Instructions to follow = Word for word, copy out the entries below, but not the pictures in them.

Data for analysis =
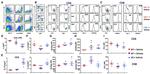 FOXP3 Antibody in Flow Cytometry (Flow)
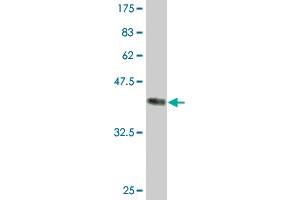 Western Blotting (WB) image for anti-Hemoglobin, zeta (HBZ) (AA 1-142) antibody (ABIN561234)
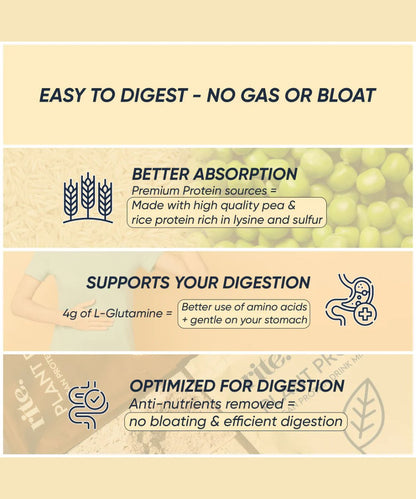 Rite Plant Protein - Chocolate 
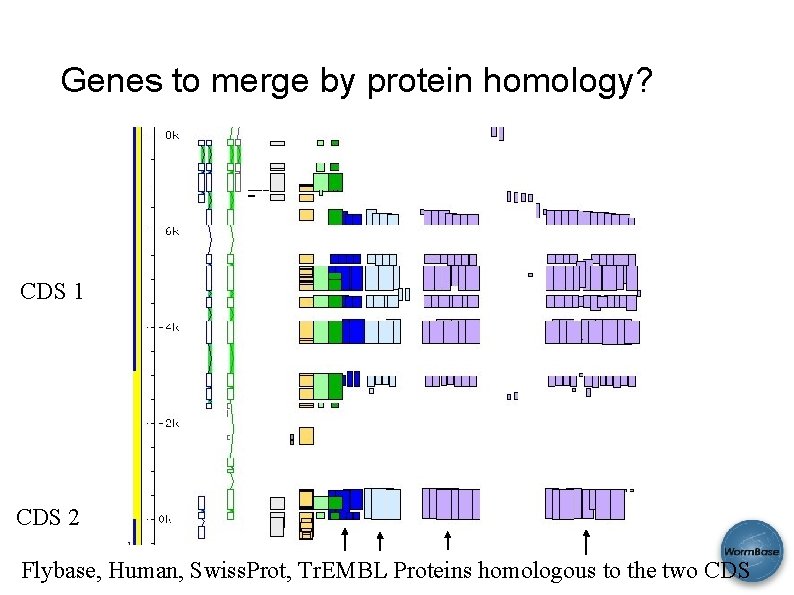 Genes to merge by protein homology? CDS 1 CDS 2 Flybase, Human, Swiss. Prot,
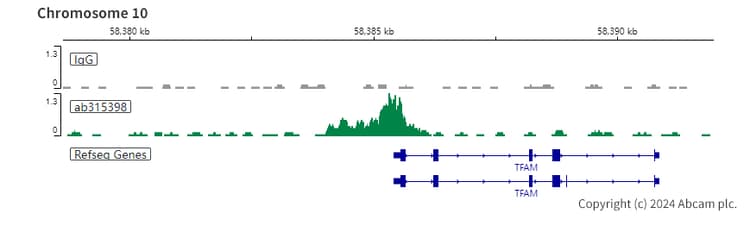 Anti-RUNX1 / AML1 antibody [RM1089] - BSA and Azide free(AB315399)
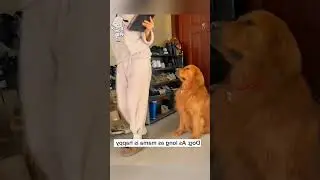 Even dog can't handle that 😭#dog #cat #funny #viral #tiktok #funnyanimals #singer #cute #animals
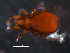  ( - BIOUG01072-32)  @12 [ ] CreativeCommons - Attribution (2011) Monica Young Centre for Biodiversity Genomics
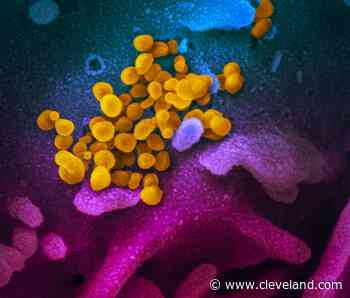 Ohio reports 244 new coronavirus cases: Thursday update - cleveland.com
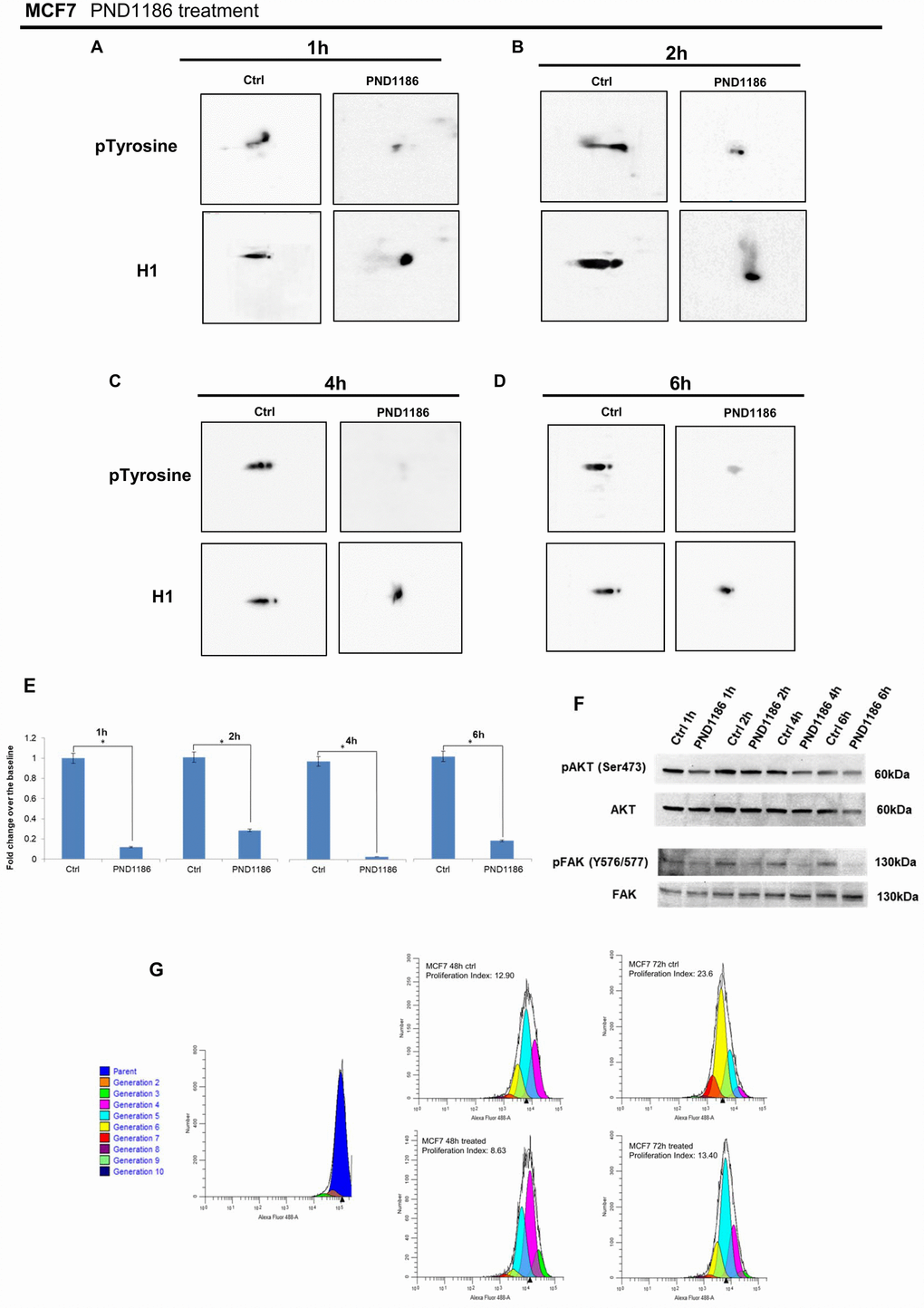 Analysis of H1 histone tyrosine phosphorylation following PND1186 treatments in MCF7 cells. 2D TAU Western blot analysis of histone H1 tyrosine phosphorylation (upper panel) and relative normalization with H1 antibody (lower panel) after PND1186 treatment; a time course of FAK inhibition was done at 1 hour (Panel A), 2 hours (Panel B), 4 hours (Panel C) and 6 hours (Panel D). All WB 2D images were acquired in 4 seconds. (Panel E) Densitometry analysis of H1 tyrosine phosphorylation spots; (panel F) Western blot analysis of pAKT, and pFAK levels in protein extracts from PND1186-treated cells. Phospho-Akt (ser473) and pFAK (Y576/577) signals were normalized against the corresponding total Akt and total FAK respectively. The assays were repeated in three independent biological replicates. Data are expressed as mean ± SEM (N =3), (G) Cells untreated and in presence of PND1186 300nM were cultured for 48 and 72 hours. Proliferation potential was detected, at single cell level, by CellTrace™ CFSE labeling. FACS analysis was performed at T0 (immediately after cell staining to define the parent population) and at 48 and 72 hours. Data were analysed by ModFit LT™ 4.0 software and the proliferation index has been generated for each sample.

Result of the task =
 FOXP3 Antibody in Flow Cytometry (Flow)
 Western Blotting (WB) image for anti-Hemoglobin, zeta (HBZ) (AA 1-142) antibody (ABIN561234)
 Rite Plant Protein - Chocolate 
 Genes to merge by protein homology? CDS 1 CDS 2 Flybase, Human, Swiss. Prot,
 Anti-RUNX1 / AML1 antibody [RM1089] - BSA and Azide free(AB315399)
 Even dog can't handle that 😭#dog #cat #funny #viral #tiktok #funnyanimals #singer #cute #animals
  ( - BIOUG01072-32)  @12 [ ] CreativeCommons - Attribution (2011) Monica Young Centre for Biodiversity Genomics
 Ohio reports 244 new coronavirus cases: Thursday update - cleveland.com
 Analysis of H1 histone tyrosine phosphorylation following PND1186 treatments in MCF7 cells. 2D TAU Western blot analysis of histone H1 tyrosine phosphorylation (upper panel) and relative normalization with H1 antibody (lower panel) after PND1186 treatment; a time course of FAK inhibition was done at 1 hour (Panel A), 2 hours (Panel B), 4 hours (Panel C) and 6 hours (Panel D). All WB 2D images were acquired in 4 seconds. (Panel E) Densitometry analysis of H1 tyrosine phosphorylation spots; (panel F) Western blot analysis of pAKT, and pFAK levels in protein extracts from PND1186-treated cells. Phospho-Akt (ser473) and pFAK (Y576/577) signals were normalized against the corresponding total Akt and total FAK respectively. The assays were repeated in three independent biological replicates. Data are expressed as mean ± SEM (N =3), (G) Cells untreated and in presence of PND1186 300nM were cultured for 48 and 72 hours. Proliferation potential was detected, at single cell level, by CellTrace™ CFSE labeling. FACS analysis was performed at T0 (immediately after cell staining to define the parent population) and at 48 and 72 hours. Data were analysed by ModFit LT™ 4.0 software and the proliferation index has been generated for each sample.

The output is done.